Corporate investments in AI hit a new record in 2021, with Microsoft – as an example – investing $1 billion in an artificial intelligence project, co-founded by Elon Musk.

To meet these changing market demands, DDN released A³I. This allows organisations to focus their AI workflow concurrently, continuously, all in one place by simplifying data management with universal, unified, secured access for distributed AI solutions.

This focus is at the heart of DDN’s growth strategy moving forward and is crucial in helping organisations solve the new challenges of data, as the boundaries of traditional computing and analytics shift to a new era.

Read more on the importance of AI (data) storage for AI innovation

3. Filebase

Traditionally, public cloud giants, such as AWS and Azure, have owned the cloud storage space. But, a few years ago some players initiated some interesting decentralised models leveraging blockchain technology.

Among recent players, some iterate with an aggregation capability to connect multiple object storage in decentralised environments.

This is the case for Filebase.

The company, founded in 2019 and based in Boston, designs and built its own unification layer that offers the routing of data to the right back-end networks. As of today, Filebase supports 3 of them: Sia, Storj and Skynet.

One attractive aspect of Filebase, beyond the ubiquity of the solution and its resiliency, is its price with the flat model at $5,99/TB/Month.
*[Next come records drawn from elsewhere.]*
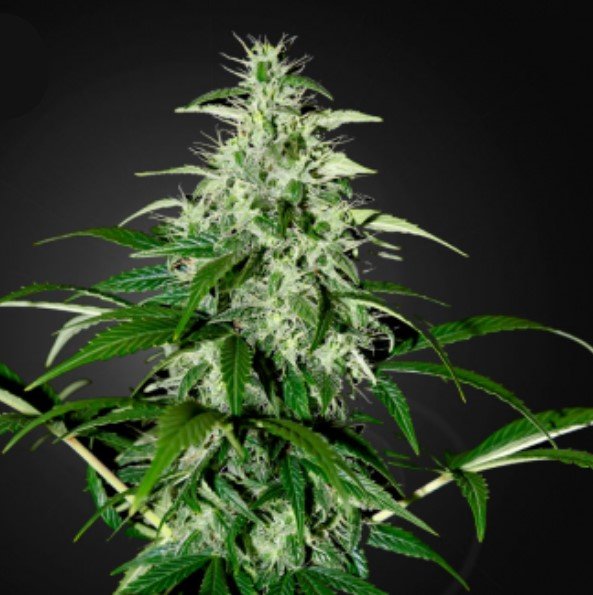 Auto Kalashnikova 1 u. fem. Green House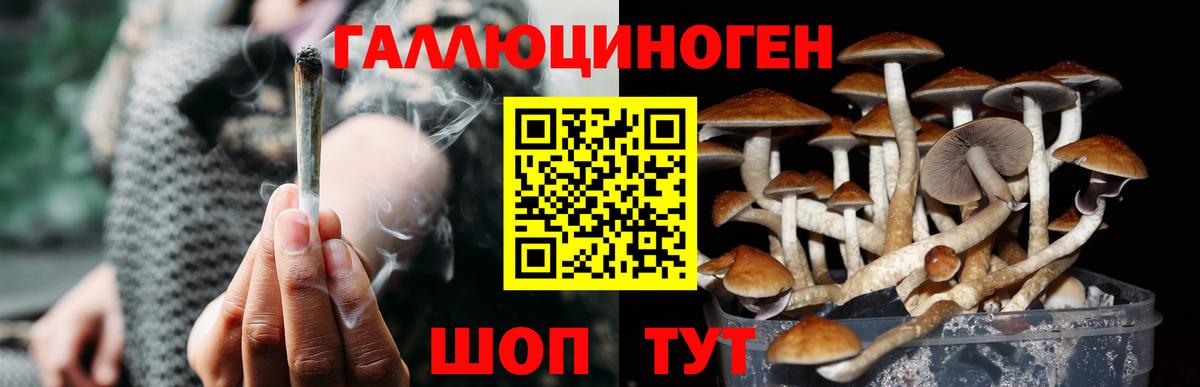 Псилоцибиновые грибы Magic Shrooms  купить  цена  Новочебоксарск  Вход с VPN  Псилоцибиновые грибы прущие грибы 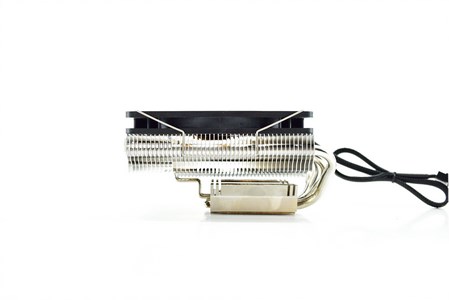 reeven brontes 13t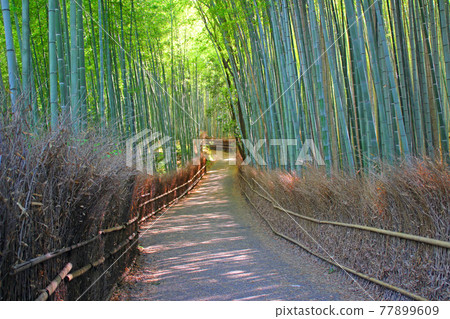 小徑竹林 / 京都府京都市右京區佐賀小倉山田淵山町 小徑竹林 / 京都府京都市右京區佐賀小倉山田淵山町 77899609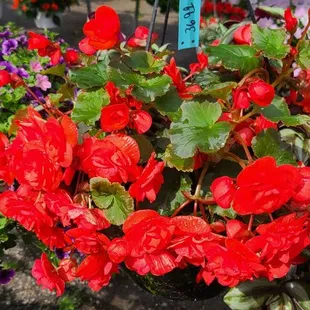 Garden Gate Fruit Market
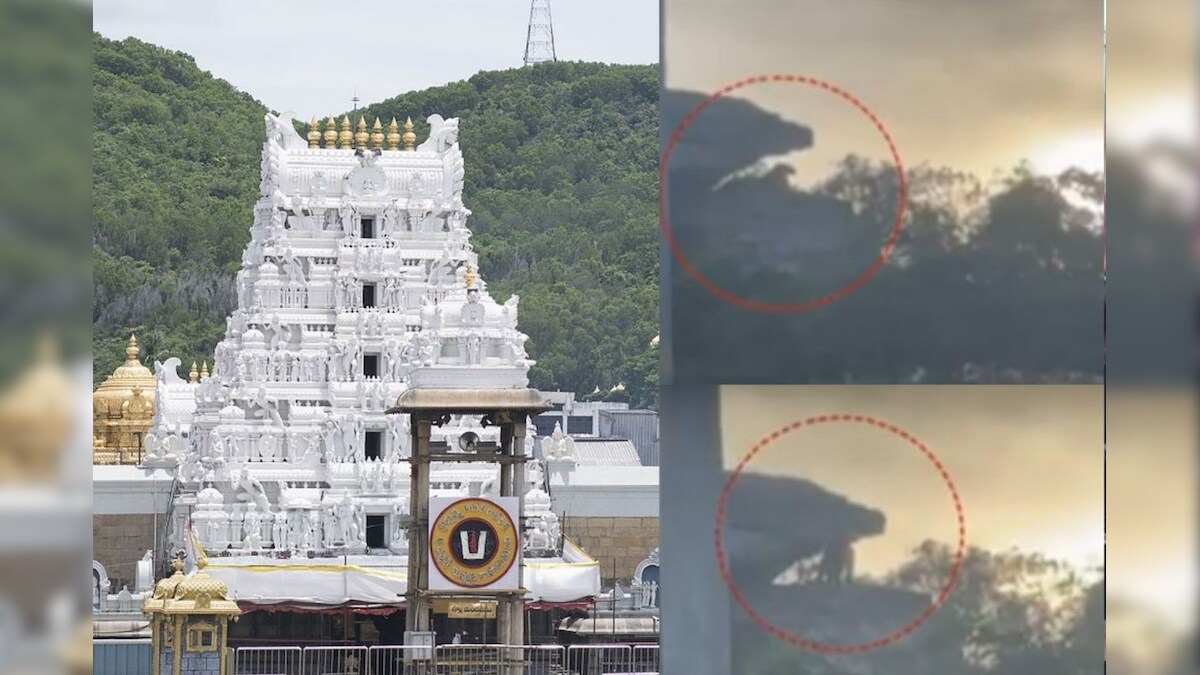 Tirumala Tirupati: திருப்பதியில் சிறுத்தை நடமாட்டமா? - பக்தர்கள் அச்சம்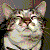 :iconsnapdragon89:
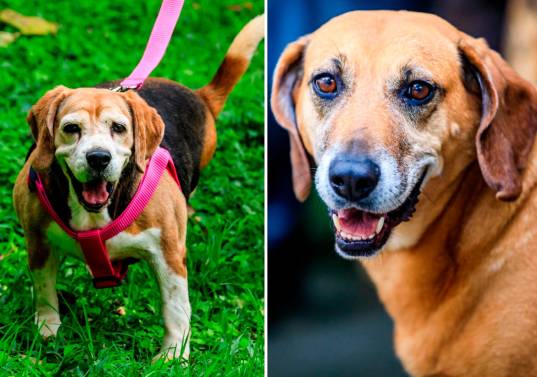 Samantha (izquierda) y otros perros geriátricos esperan una familia dispuesta a recibir su amor. Fotos: Camilo Suárez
To test the solution before adopting it, 5GB are free.

The next iteration will be to add other back-end storage networks to its solution, such as Filecoin, Arweave and IPFS, plus some CDN capabilities. We also heard that the S3 object lock will be added that gives an archive flavor to Filebase.

4. Hammerspace

The challenge of data storage is that no one storage type serves all requirements.

Storage is designed to be local and so silos emerge. This problem is compounded by the properties of data and extracting value from it:

  • Data out-lasts the storage it’s on today;
  • Different cost and performance bands;
  • Different protocols for broader access;
  • Incompatible silos emerge;
  • Increased IT complexity to manage;
  • Distributed storage and users add to these problems.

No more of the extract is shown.